══ RECORD EXCERPTS

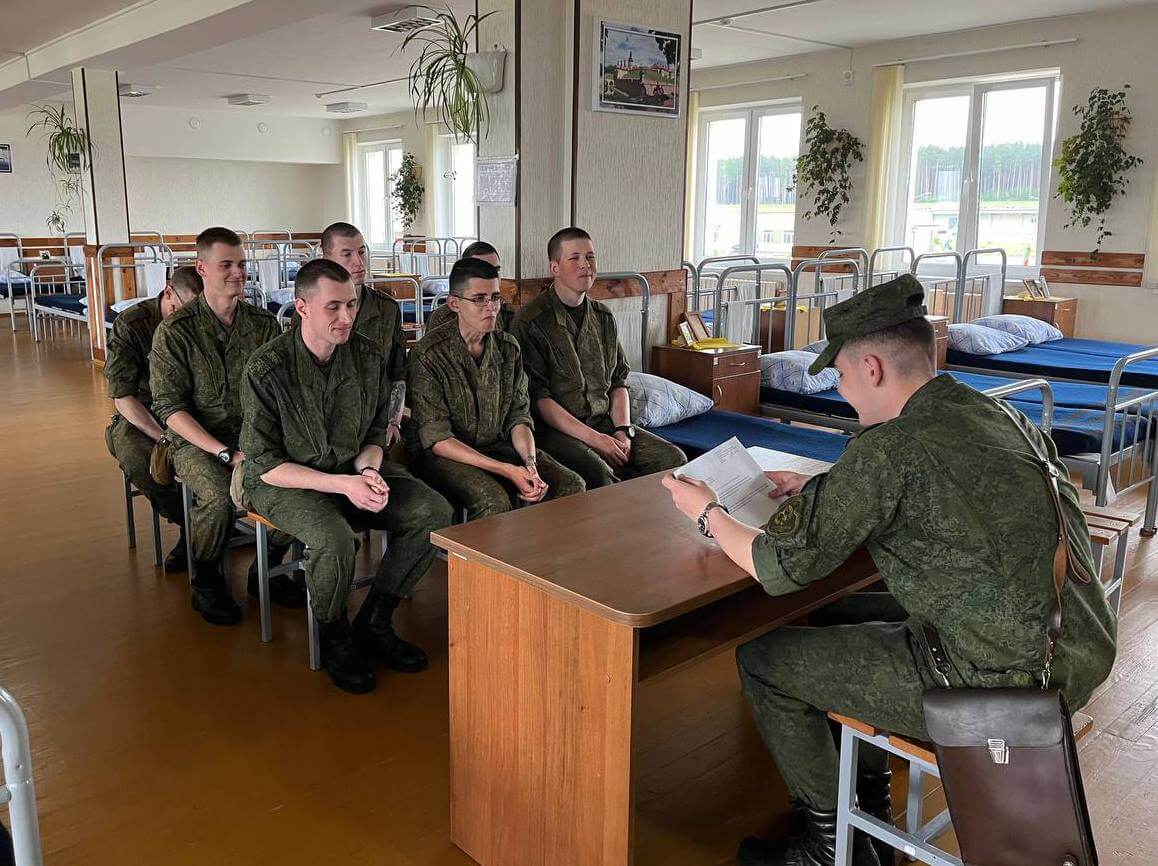 Review of military events in Belarus on June 3-9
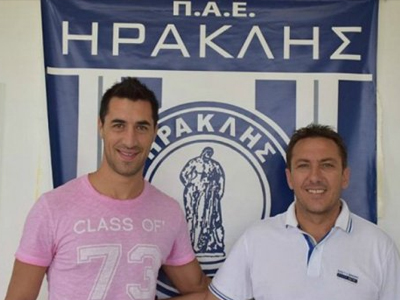 Στον Ηρακλή ο Περόνε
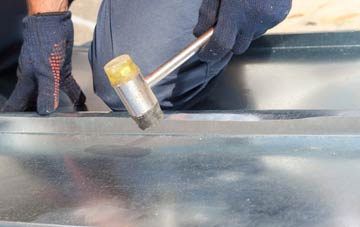 Brampton Bryan metal roofing costs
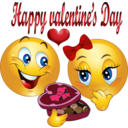 Happy Valentine Smiley Emoticon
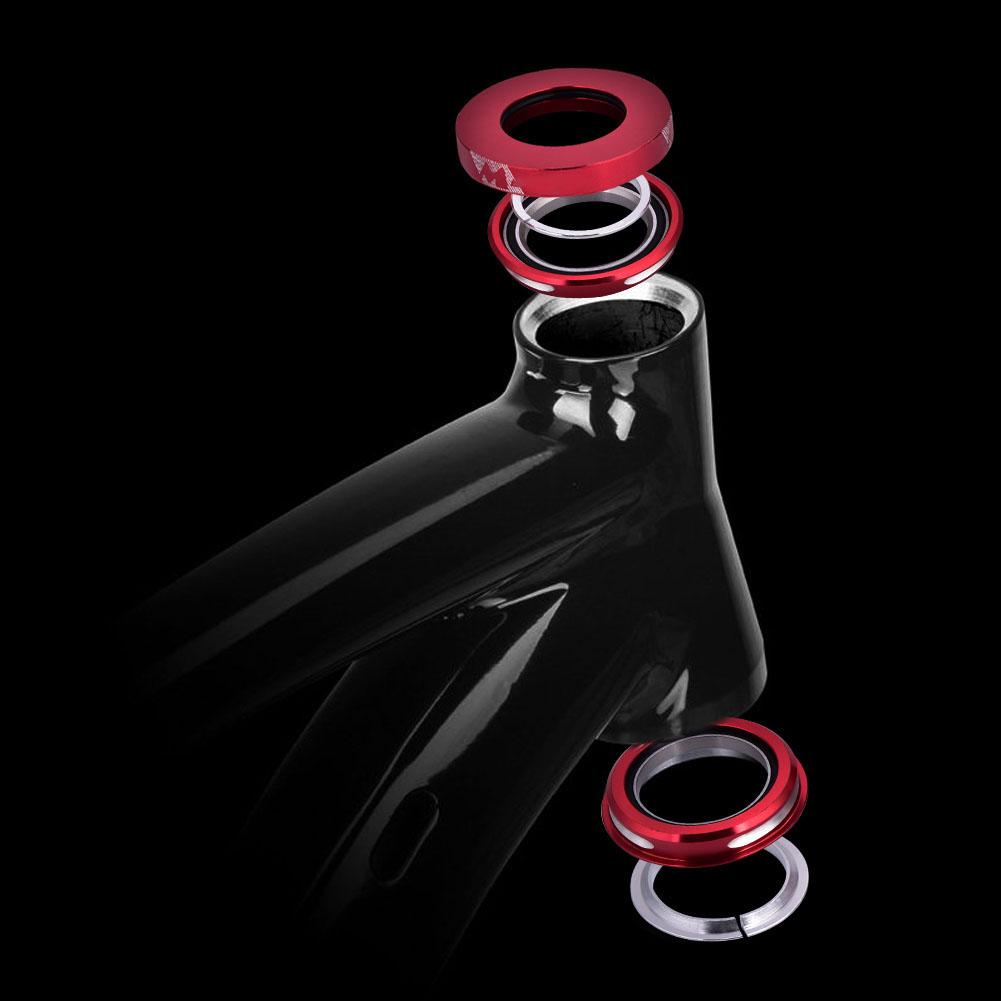 

MEIJUN 44mm Bicycle Bike Electroplating Internal Sealed Bearing Headset (Red) красный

════

(YOUR GOAL): Each entry above has to be set down again verbatim, except for its pictures.

(OUTPUT OF THE TASK):
 Review of military events in Belarus on June 3-9
 Στον Ηρακλή ο Περόνε
 Brampton Bryan metal roofing costs
 Happy Valentine Smiley Emoticon

MEIJUN 44mm Bicycle Bike Electroplating Internal Sealed Bearing Headset (Red) красный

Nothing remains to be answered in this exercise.